(Brief descriptive captions)
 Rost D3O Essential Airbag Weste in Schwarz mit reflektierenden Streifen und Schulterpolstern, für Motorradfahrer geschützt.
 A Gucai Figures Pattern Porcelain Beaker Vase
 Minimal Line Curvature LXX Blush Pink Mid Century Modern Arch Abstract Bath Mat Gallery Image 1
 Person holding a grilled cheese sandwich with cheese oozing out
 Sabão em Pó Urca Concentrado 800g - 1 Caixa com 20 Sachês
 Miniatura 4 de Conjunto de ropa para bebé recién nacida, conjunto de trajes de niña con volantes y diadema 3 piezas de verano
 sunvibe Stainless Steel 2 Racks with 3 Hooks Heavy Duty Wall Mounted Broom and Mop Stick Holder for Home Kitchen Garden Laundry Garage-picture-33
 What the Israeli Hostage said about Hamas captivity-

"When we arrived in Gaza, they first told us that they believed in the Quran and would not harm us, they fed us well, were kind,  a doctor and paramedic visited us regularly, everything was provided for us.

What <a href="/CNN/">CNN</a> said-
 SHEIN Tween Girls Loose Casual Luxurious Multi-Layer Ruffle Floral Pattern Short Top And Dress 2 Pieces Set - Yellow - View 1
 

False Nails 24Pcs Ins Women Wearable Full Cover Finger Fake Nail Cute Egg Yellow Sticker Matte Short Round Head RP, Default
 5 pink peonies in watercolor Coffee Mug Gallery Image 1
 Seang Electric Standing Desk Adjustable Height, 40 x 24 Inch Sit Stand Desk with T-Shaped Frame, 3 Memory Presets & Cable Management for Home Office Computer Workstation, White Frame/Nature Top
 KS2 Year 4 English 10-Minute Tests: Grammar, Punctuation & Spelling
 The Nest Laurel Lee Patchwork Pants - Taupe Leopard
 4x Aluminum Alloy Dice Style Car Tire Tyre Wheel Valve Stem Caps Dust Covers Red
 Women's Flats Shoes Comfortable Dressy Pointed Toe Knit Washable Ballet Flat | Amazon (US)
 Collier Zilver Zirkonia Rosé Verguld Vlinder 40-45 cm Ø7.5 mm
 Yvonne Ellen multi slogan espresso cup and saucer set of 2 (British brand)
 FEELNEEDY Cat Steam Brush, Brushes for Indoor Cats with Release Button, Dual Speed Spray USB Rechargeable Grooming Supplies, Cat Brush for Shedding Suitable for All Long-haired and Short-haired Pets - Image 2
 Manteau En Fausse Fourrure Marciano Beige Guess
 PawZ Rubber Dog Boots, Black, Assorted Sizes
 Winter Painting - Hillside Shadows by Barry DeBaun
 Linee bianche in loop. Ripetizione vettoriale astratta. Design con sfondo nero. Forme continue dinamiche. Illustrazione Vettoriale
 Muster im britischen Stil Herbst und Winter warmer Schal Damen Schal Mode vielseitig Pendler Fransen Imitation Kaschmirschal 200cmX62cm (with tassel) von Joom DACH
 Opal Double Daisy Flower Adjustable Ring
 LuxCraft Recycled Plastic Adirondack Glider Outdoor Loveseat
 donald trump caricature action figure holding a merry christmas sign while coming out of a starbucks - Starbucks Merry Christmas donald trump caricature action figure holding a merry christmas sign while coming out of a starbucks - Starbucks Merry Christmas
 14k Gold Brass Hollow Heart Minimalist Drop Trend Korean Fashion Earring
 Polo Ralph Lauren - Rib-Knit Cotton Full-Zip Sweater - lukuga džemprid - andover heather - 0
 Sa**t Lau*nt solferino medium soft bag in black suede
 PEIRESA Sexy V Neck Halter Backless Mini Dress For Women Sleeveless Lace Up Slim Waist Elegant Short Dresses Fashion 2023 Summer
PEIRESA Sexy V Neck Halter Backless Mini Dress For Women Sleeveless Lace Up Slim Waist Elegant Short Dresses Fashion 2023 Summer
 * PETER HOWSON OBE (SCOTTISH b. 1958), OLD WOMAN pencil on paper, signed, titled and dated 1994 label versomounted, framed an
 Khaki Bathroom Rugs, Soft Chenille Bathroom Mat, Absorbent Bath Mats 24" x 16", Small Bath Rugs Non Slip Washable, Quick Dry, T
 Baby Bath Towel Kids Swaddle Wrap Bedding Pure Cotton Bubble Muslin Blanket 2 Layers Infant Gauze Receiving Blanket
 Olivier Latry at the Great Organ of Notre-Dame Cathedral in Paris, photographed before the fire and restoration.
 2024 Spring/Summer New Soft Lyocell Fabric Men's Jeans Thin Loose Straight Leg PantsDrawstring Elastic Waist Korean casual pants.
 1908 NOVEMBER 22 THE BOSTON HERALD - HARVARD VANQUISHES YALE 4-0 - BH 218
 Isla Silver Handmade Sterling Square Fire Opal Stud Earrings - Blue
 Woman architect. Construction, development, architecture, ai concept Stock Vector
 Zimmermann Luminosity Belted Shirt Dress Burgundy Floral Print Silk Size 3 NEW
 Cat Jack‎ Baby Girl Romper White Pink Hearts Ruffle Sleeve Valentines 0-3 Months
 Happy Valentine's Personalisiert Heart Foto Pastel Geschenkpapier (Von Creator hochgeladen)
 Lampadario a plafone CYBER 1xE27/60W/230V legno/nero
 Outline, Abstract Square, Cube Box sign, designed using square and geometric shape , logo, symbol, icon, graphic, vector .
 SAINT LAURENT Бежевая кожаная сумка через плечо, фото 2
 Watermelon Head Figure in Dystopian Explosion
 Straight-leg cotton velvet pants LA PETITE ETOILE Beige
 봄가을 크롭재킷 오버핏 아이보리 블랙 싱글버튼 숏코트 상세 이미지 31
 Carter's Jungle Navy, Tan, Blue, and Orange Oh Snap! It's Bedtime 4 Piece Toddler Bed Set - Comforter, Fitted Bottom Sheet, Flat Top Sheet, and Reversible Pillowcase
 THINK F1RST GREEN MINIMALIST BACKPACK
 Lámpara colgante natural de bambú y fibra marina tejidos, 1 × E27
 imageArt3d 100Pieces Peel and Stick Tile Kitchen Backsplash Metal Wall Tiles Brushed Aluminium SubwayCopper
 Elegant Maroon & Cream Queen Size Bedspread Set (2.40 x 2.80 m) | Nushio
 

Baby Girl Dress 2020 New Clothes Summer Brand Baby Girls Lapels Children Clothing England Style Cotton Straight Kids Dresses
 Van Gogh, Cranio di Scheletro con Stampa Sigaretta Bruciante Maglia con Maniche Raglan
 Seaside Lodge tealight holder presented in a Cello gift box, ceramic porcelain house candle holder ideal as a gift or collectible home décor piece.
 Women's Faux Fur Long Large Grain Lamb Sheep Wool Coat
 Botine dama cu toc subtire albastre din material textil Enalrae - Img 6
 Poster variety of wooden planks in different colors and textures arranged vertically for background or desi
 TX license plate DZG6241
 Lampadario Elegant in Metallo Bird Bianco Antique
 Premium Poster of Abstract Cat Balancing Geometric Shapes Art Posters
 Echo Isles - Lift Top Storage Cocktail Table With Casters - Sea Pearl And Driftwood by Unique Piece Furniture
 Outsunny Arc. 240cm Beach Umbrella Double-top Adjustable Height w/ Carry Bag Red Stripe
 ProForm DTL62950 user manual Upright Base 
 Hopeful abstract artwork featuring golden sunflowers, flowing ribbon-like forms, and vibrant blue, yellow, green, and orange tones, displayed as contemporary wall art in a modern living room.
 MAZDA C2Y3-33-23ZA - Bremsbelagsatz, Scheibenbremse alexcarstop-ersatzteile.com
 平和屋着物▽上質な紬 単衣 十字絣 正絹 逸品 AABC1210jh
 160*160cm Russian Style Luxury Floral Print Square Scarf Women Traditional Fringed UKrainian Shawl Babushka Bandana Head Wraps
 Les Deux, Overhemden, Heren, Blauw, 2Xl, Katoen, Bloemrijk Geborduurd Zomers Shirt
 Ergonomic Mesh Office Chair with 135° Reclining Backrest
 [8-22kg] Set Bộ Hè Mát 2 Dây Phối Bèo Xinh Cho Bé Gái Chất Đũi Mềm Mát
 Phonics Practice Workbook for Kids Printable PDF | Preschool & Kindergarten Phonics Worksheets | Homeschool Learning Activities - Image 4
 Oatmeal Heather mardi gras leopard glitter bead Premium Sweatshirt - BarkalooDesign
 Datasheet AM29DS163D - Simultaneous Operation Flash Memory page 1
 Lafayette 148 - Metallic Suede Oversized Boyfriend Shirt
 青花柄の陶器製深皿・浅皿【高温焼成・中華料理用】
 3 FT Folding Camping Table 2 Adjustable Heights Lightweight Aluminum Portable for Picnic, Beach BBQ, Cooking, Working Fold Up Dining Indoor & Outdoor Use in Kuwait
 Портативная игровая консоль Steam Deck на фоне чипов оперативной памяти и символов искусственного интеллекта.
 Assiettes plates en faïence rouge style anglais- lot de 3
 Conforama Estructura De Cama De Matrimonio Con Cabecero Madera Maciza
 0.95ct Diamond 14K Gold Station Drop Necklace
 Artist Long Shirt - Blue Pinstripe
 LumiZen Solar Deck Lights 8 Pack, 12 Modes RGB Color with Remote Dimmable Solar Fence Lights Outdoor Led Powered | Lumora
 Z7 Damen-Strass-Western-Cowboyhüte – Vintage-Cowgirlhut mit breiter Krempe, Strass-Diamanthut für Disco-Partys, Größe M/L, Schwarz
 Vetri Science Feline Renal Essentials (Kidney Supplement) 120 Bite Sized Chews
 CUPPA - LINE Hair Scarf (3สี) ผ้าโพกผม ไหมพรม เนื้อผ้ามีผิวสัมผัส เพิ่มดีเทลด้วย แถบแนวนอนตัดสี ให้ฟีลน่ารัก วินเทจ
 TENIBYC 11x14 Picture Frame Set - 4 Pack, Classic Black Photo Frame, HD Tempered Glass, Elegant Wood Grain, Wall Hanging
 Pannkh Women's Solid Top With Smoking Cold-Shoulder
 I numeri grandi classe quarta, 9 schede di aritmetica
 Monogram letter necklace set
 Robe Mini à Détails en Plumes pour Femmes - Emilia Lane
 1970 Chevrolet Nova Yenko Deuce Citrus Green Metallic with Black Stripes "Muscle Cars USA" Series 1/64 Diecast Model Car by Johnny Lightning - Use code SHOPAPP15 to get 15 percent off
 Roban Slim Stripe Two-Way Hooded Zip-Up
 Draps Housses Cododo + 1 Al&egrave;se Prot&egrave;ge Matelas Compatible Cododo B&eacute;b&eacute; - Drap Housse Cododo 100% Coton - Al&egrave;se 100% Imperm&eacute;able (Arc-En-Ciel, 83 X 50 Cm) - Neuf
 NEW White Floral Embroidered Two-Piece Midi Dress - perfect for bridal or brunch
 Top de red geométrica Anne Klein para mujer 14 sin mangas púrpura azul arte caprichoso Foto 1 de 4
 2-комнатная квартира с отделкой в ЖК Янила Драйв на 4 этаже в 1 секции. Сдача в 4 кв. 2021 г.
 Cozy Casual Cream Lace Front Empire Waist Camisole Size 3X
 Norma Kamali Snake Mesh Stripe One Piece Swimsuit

How to complete this task:
Could you repeat exactly the lines above from the line with "160*160cm Russian Style" up to and including the line with "Vetri Science Feline", and only those?

Answer section:
 160*160cm Russian Style Luxury Floral Print Square Scarf Women Traditional Fringed UKrainian Shawl Babushka Bandana Head Wraps
 Les Deux, Overhemden, Heren, Blauw, 2Xl, Katoen, Bloemrijk Geborduurd Zomers Shirt
 Ergonomic Mesh Office Chair with 135° Reclining Backrest
 [8-22kg] Set Bộ Hè Mát 2 Dây Phối Bèo Xinh Cho Bé Gái Chất Đũi Mềm Mát
 Phonics Practice Workbook for Kids Printable PDF | Preschool & Kindergarten Phonics Worksheets | Homeschool Learning Activities - Image 4
 Oatmeal Heather mardi gras leopard glitter bead Premium Sweatshirt - BarkalooDesign
 Datasheet AM29DS163D - Simultaneous Operation Flash Memory page 1
 Lafayette 148 - Metallic Suede Oversized Boyfriend Shirt
 青花柄の陶器製深皿・浅皿【高温焼成・中華料理用】
 3 FT Folding Camping Table 2 Adjustable Heights Lightweight Aluminum Portable for Picnic, Beach BBQ, Cooking, Working Fold Up Dining Indoor & Outdoor Use in Kuwait
 Портативная игровая консоль Steam Deck на фоне чипов оперативной памяти и символов искусственного интеллекта.
 Assiettes plates en faïence rouge style anglais- lot de 3
 Conforama Estructura De Cama De Matrimonio Con Cabecero Madera Maciza
 0.95ct Diamond 14K Gold Station Drop Necklace
 Artist Long Shirt - Blue Pinstripe
 LumiZen Solar Deck Lights 8 Pack, 12 Modes RGB Color with Remote Dimmable Solar Fence Lights Outdoor Led Powered | Lumora
 Z7 Damen-Strass-Western-Cowboyhüte – Vintage-Cowgirlhut mit breiter Krempe, Strass-Diamanthut für Disco-Partys, Größe M/L, Schwarz
 Vetri Science Feline Renal Essentials (Kidney Supplement) 120 Bite Sized Chews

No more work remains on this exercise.